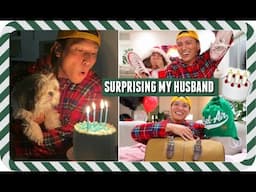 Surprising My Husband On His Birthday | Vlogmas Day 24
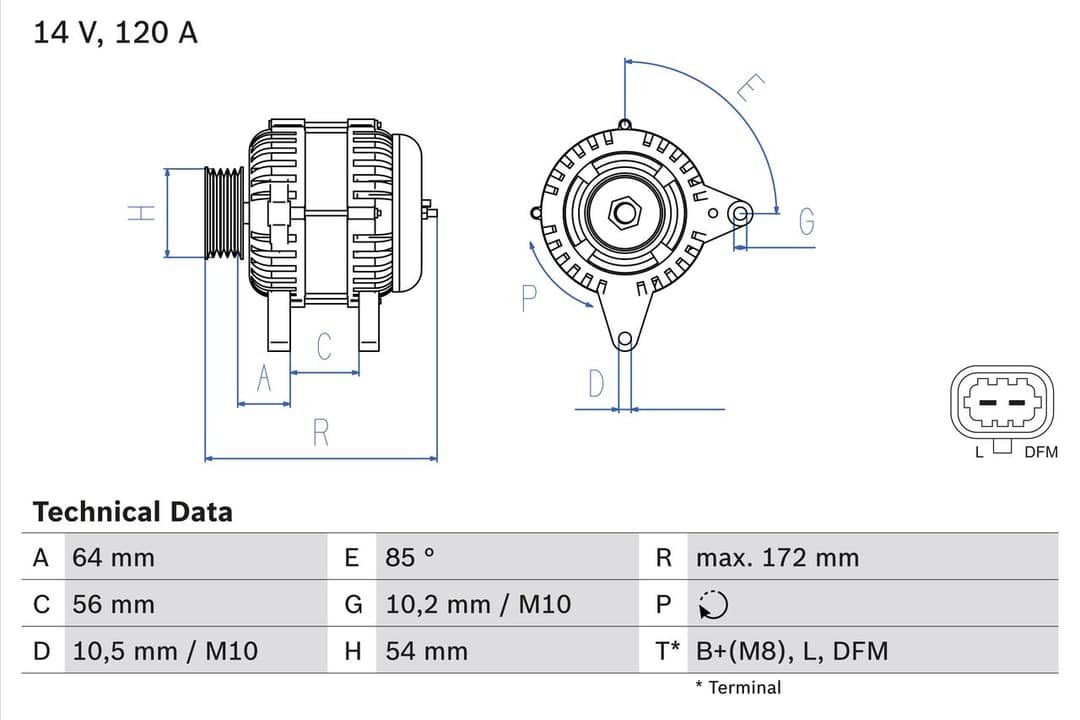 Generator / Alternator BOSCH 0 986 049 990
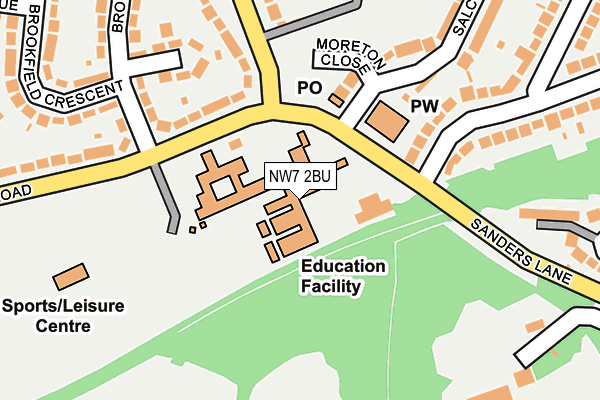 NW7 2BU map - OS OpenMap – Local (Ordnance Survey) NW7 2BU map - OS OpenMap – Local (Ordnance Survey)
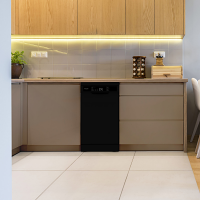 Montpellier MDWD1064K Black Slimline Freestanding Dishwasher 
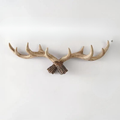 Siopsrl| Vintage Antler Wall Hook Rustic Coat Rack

...

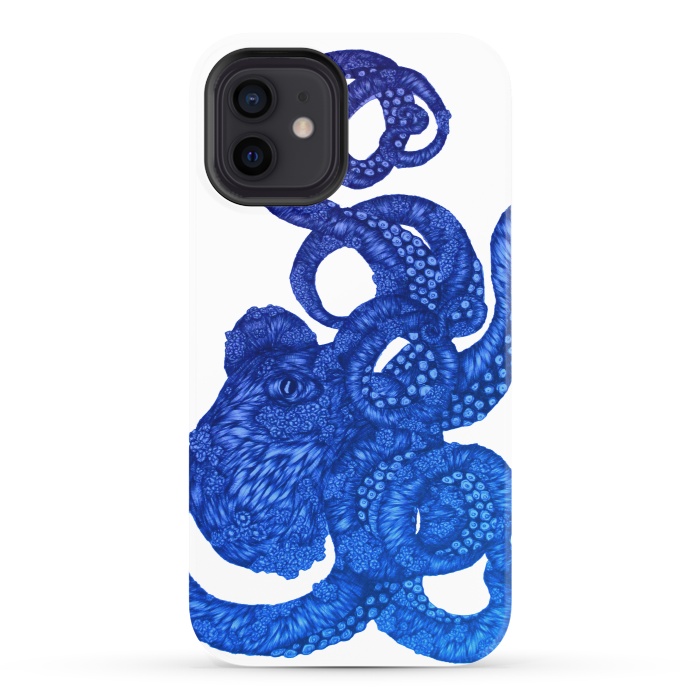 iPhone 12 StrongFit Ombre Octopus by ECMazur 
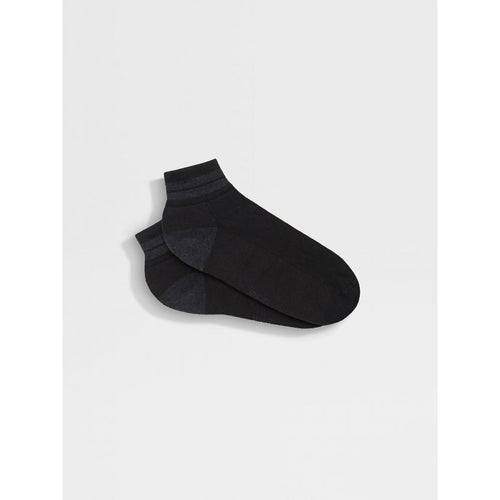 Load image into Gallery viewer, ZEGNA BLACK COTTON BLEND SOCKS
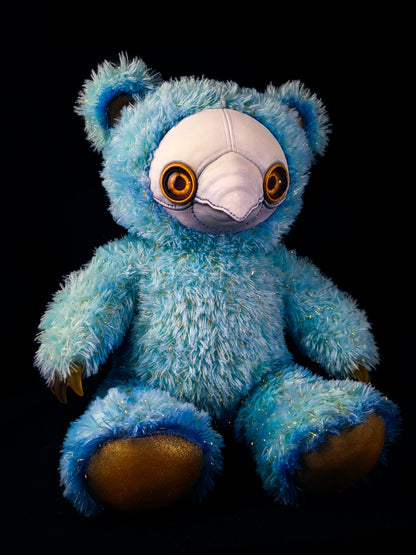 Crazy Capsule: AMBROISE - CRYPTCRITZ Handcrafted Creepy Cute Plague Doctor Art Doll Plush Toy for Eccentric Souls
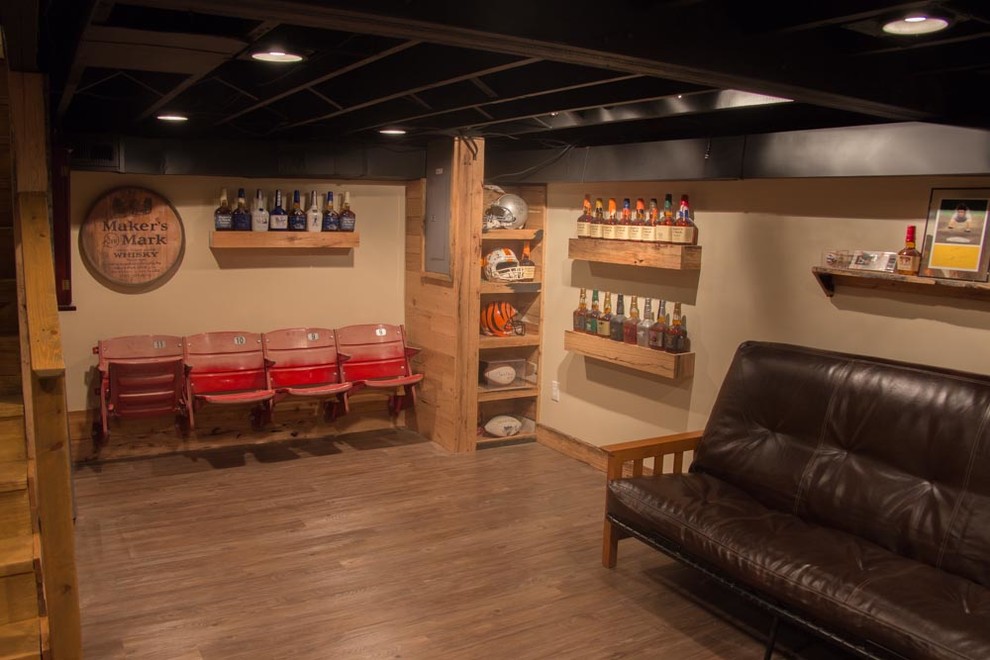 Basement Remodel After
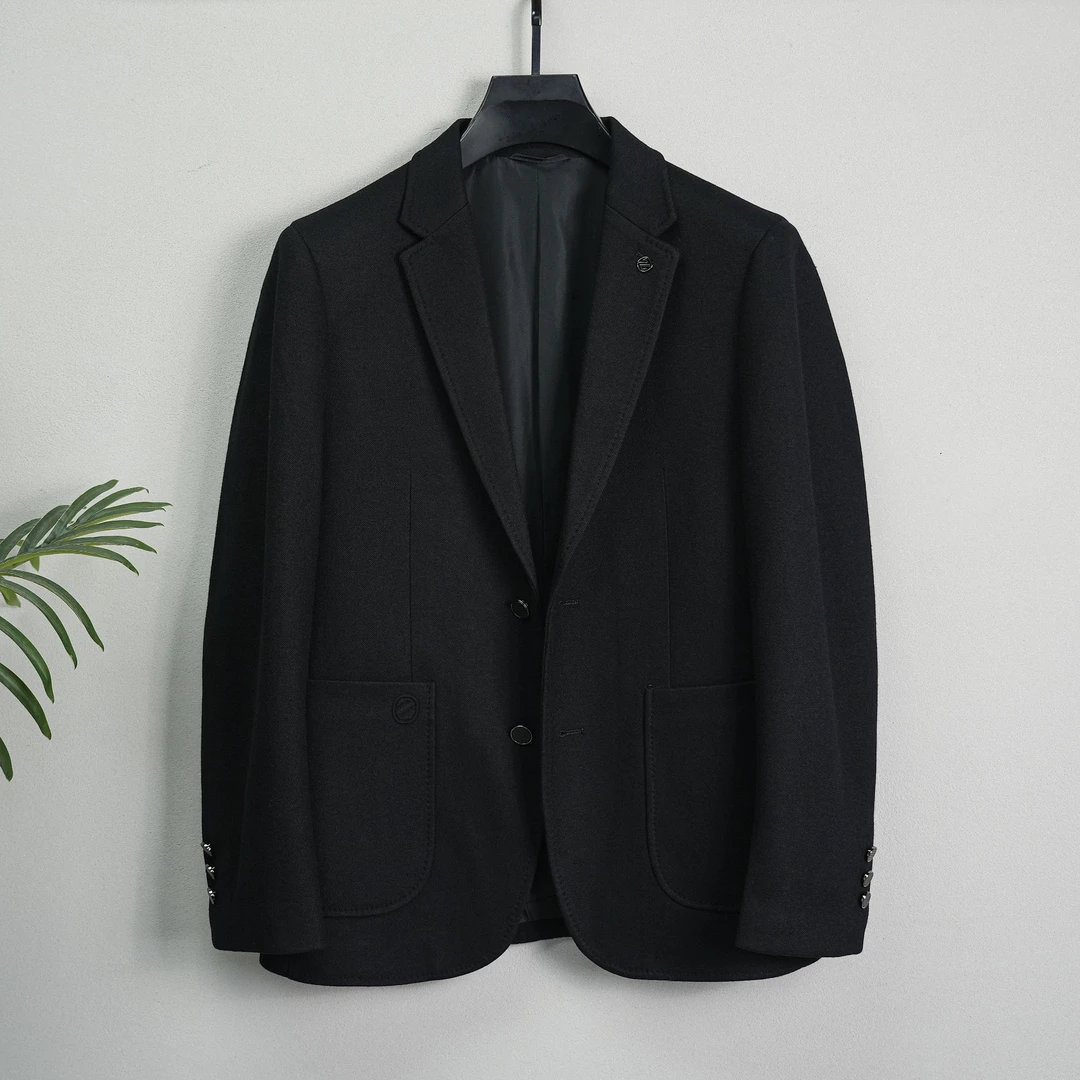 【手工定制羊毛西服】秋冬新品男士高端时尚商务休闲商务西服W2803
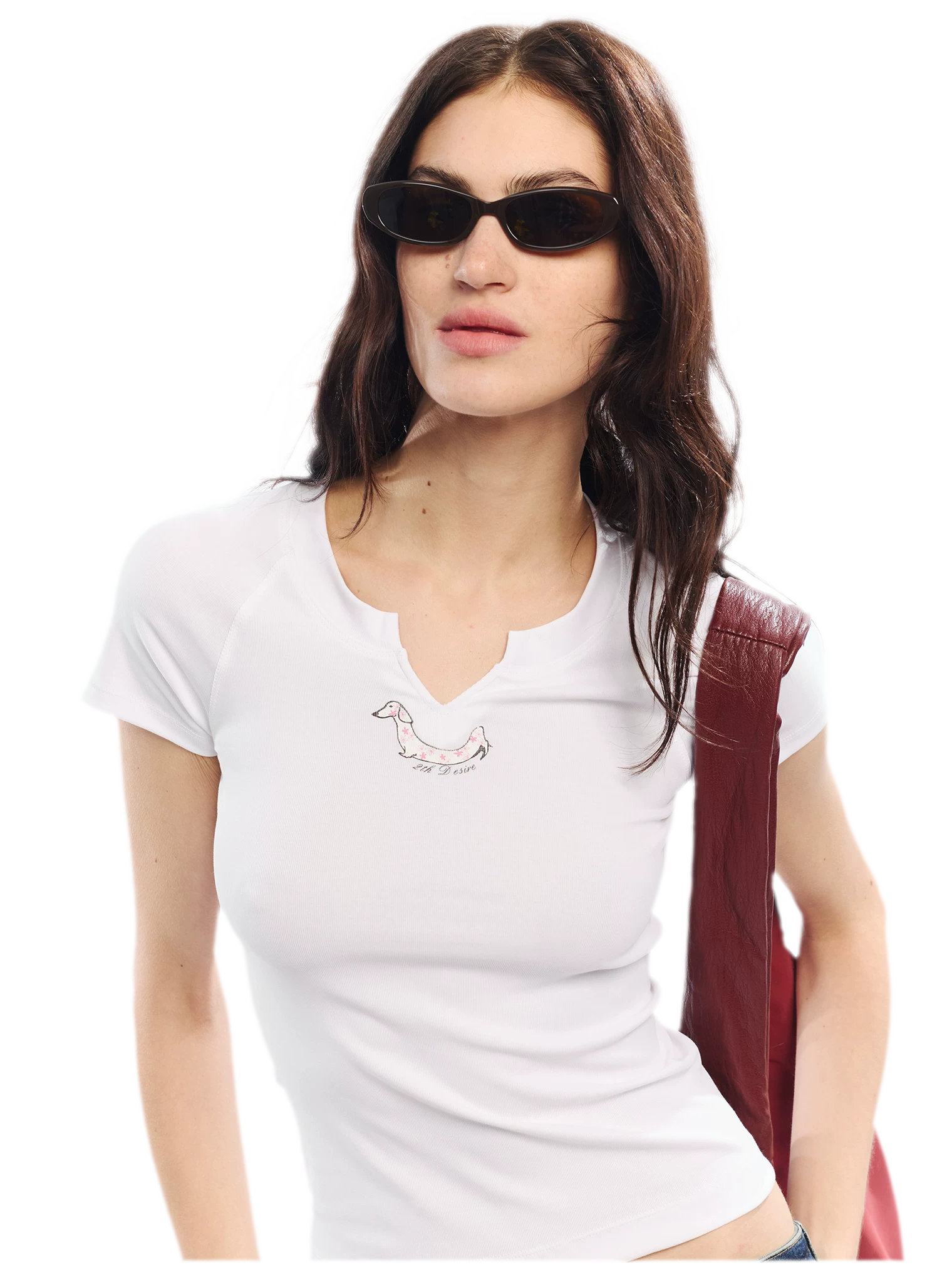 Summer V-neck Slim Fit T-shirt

--

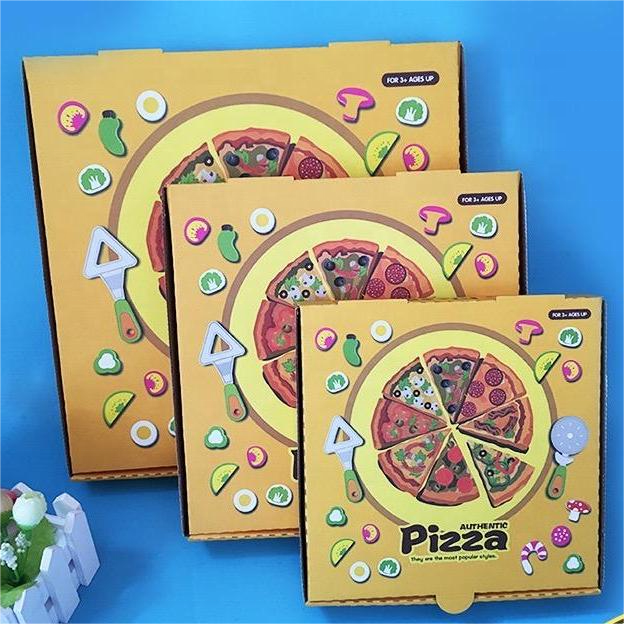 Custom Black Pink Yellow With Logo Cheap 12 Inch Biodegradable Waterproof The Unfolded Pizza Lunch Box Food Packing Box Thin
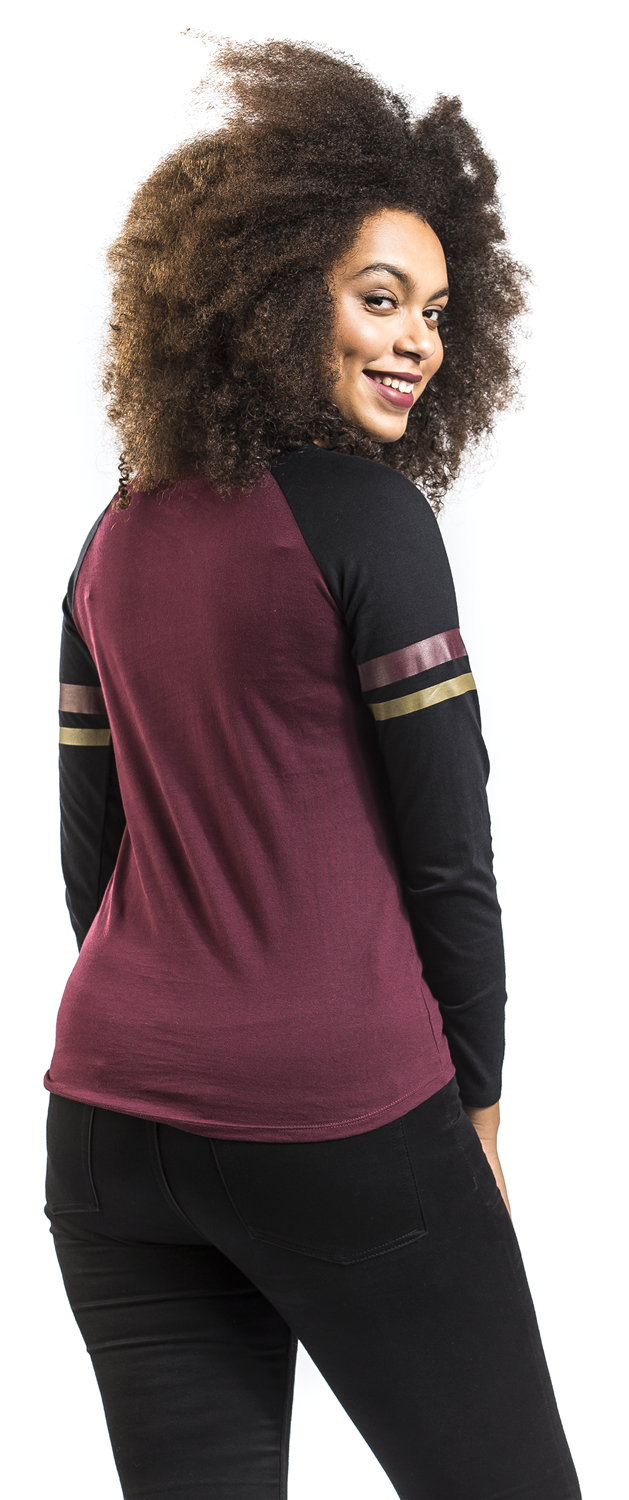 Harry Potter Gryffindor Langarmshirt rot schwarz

TO DO — Print exactly the lines above that run from the one with "Basement Remodel After" down to the one with "Summer V-neck Slim Fit T-shirt", and omit the pictures.

EXERCISE OUTPUT —
 Basement Remodel After
 【手工定制羊毛西服】秋冬新品男士高端时尚商务休闲商务西服W2803
 Summer V-neck Slim Fit T-shirt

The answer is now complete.